:: Supplied material ::
══════

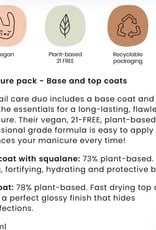 BKind Manicure Pack - Nail Polish Base and Top Coat
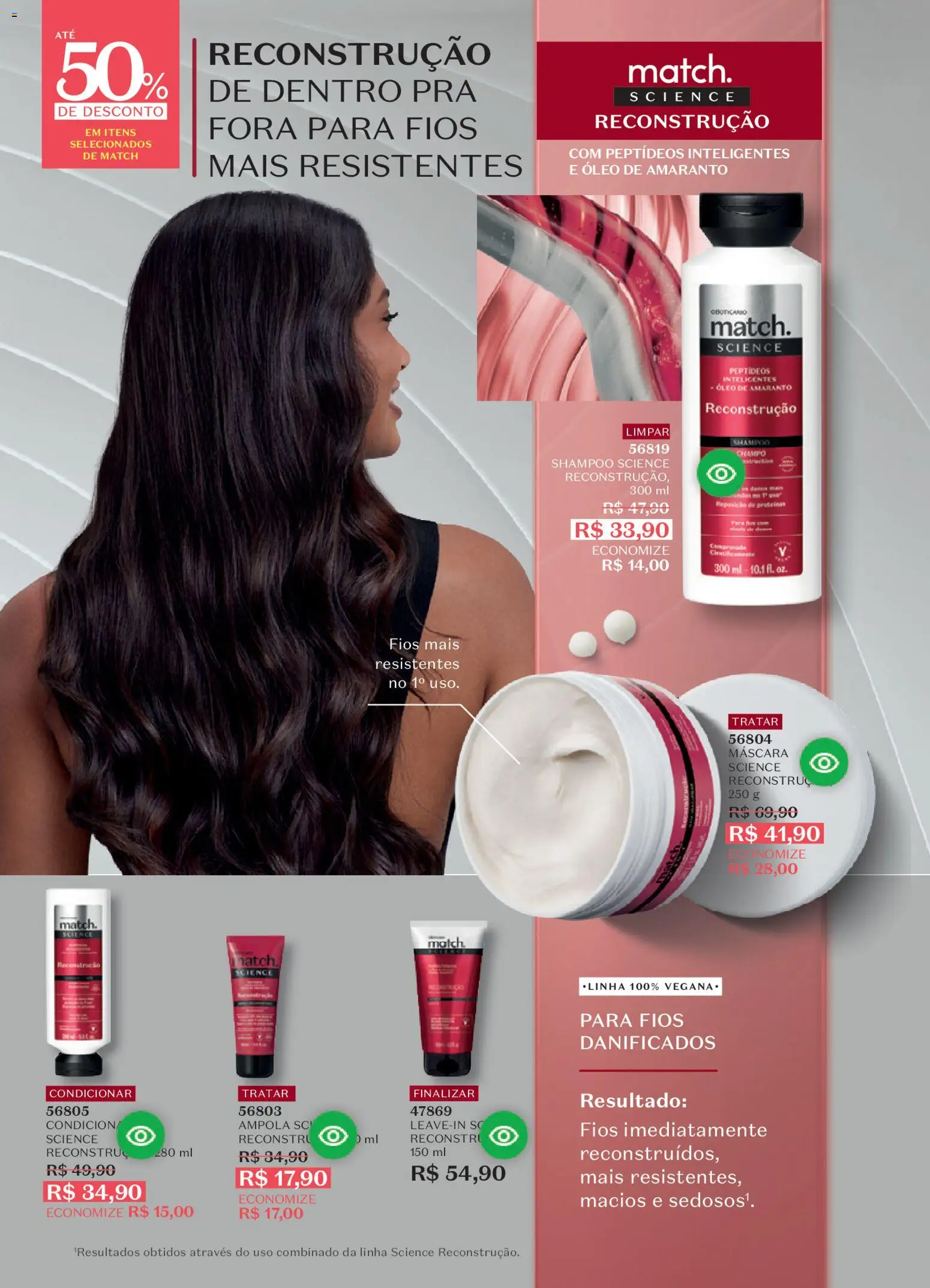 O Boticário Folheto - válido de 26.12.2025 | Página: 172 | Produtos: Shampoo, Óleo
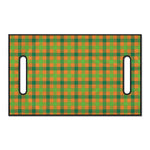 Shamrock Plaid Saint Patrick's Day Print Golf Cart Seat Cover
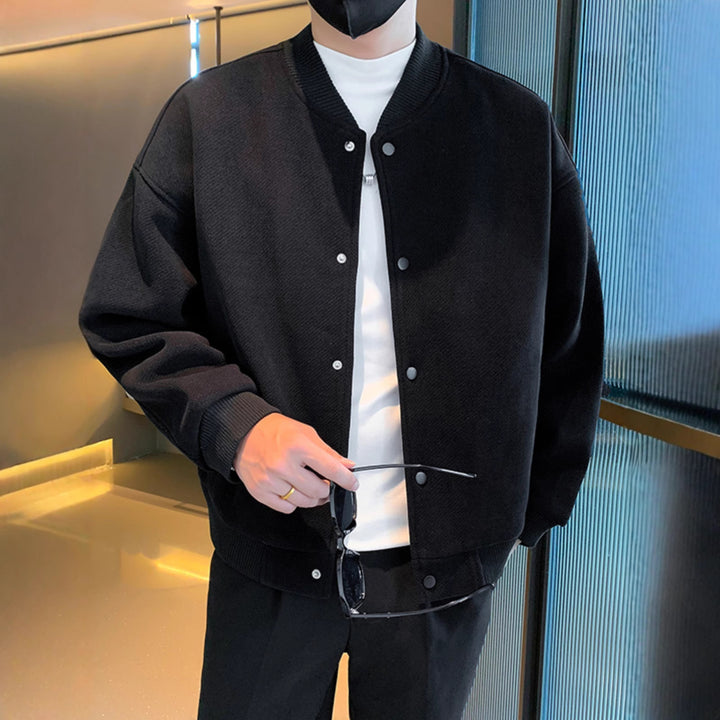 Herren lässige Steppjacke im Vintage-Stil Echoarchiv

══════

:: Task statement ::
Repeat the material exactly as it reads, without any of its pictures.

:: Exercise answer ::
 BKind Manicure Pack - Nail Polish Base and Top Coat
 O Boticário Folheto - válido de 26.12.2025 | Página: 172 | Produtos: Shampoo, Óleo
 Shamrock Plaid Saint Patrick's Day Print Golf Cart Seat Cover
 Herren lässige Steppjacke im Vintage-Stil Echoarchiv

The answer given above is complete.